* _Task item_
Each entry should be set down exactly as written, except for any picture it holds.

• • • • • • •

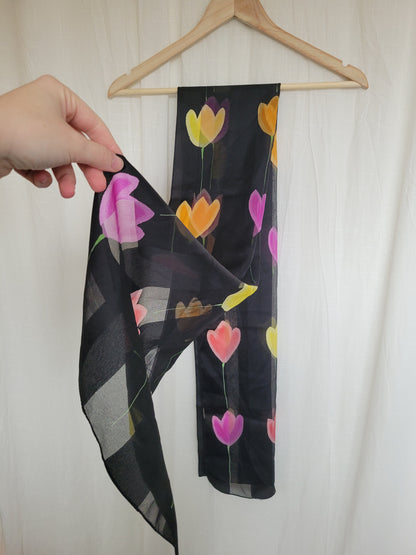 🌸 Tulip Garden - vintage scarf with tulip design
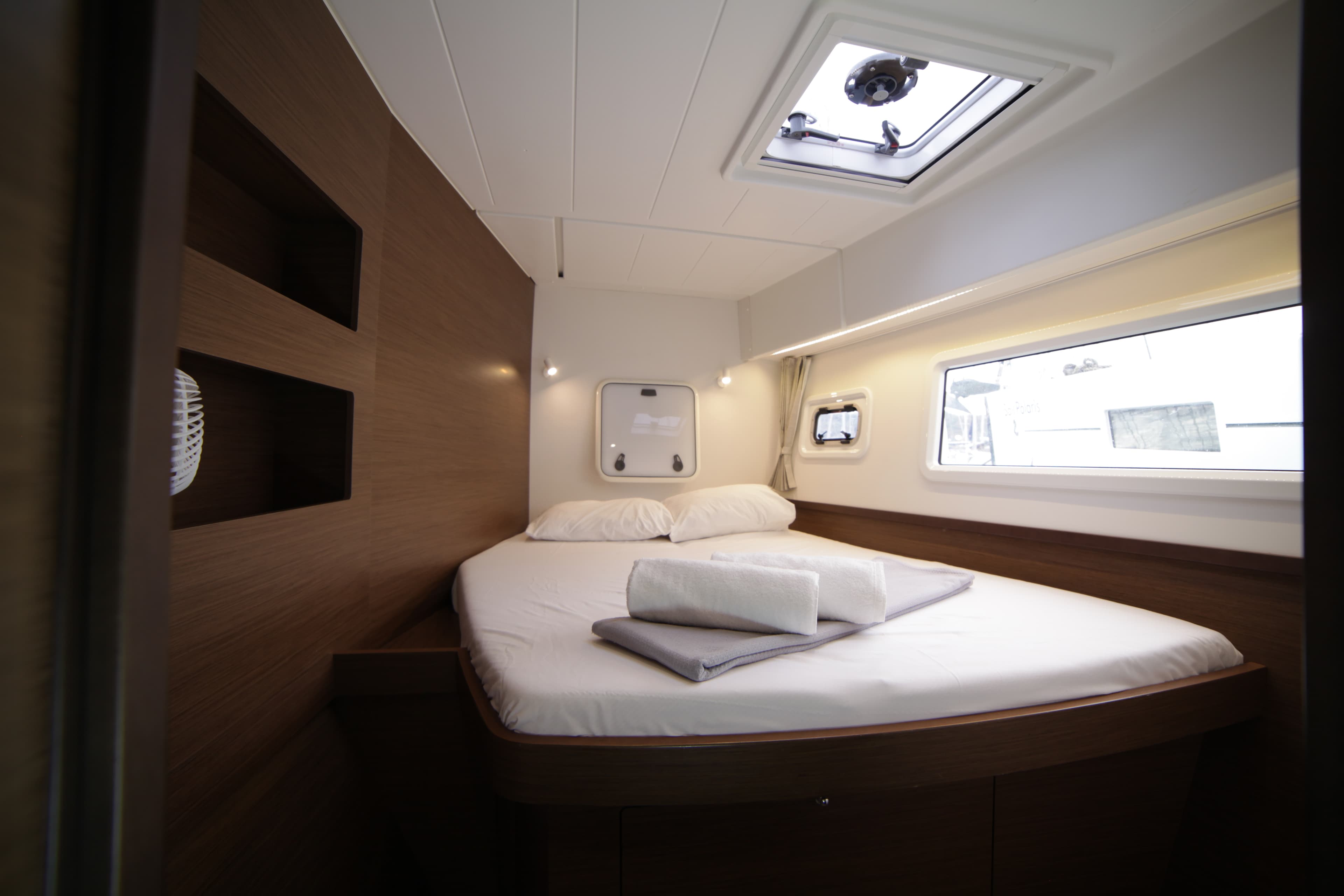 Lagoon 42 - photo 12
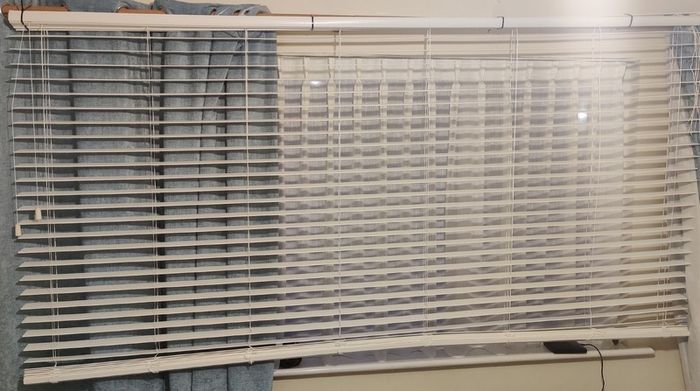 White Venetian Blinds (New)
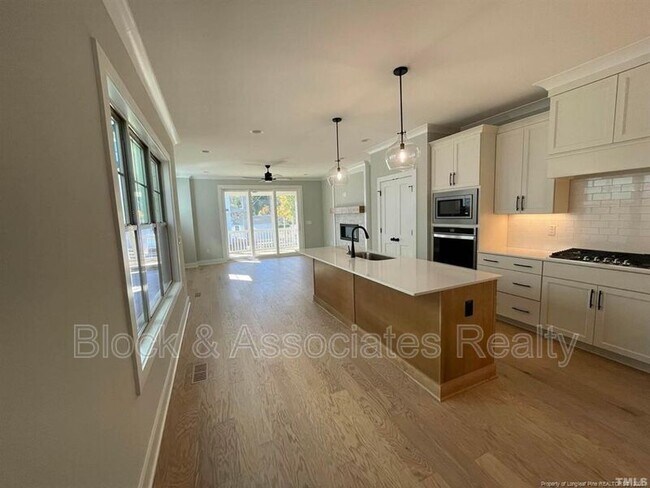 Foto del edificio - 200 E Moore St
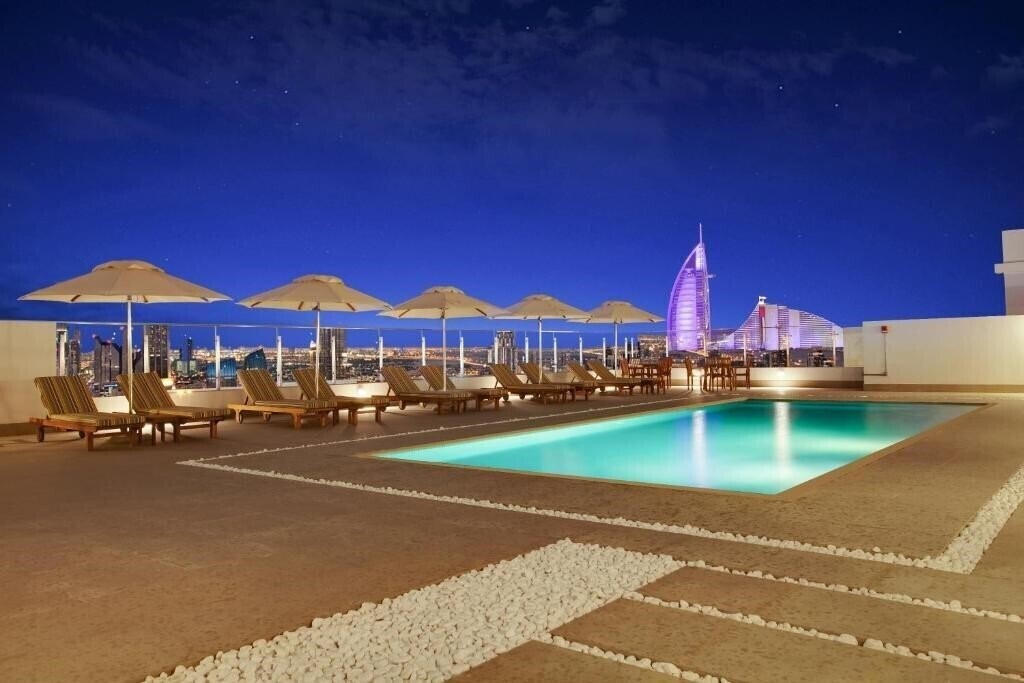 Hotel Lemon Tree Hotel 3*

• • • • • • •

* _Response area_
 🌸 Tulip Garden - vintage scarf with tulip design
 Lagoon 42 - photo 12
 White Venetian Blinds (New)
 Foto del edificio - 200 E Moore St
 Hotel Lemon Tree Hotel 3*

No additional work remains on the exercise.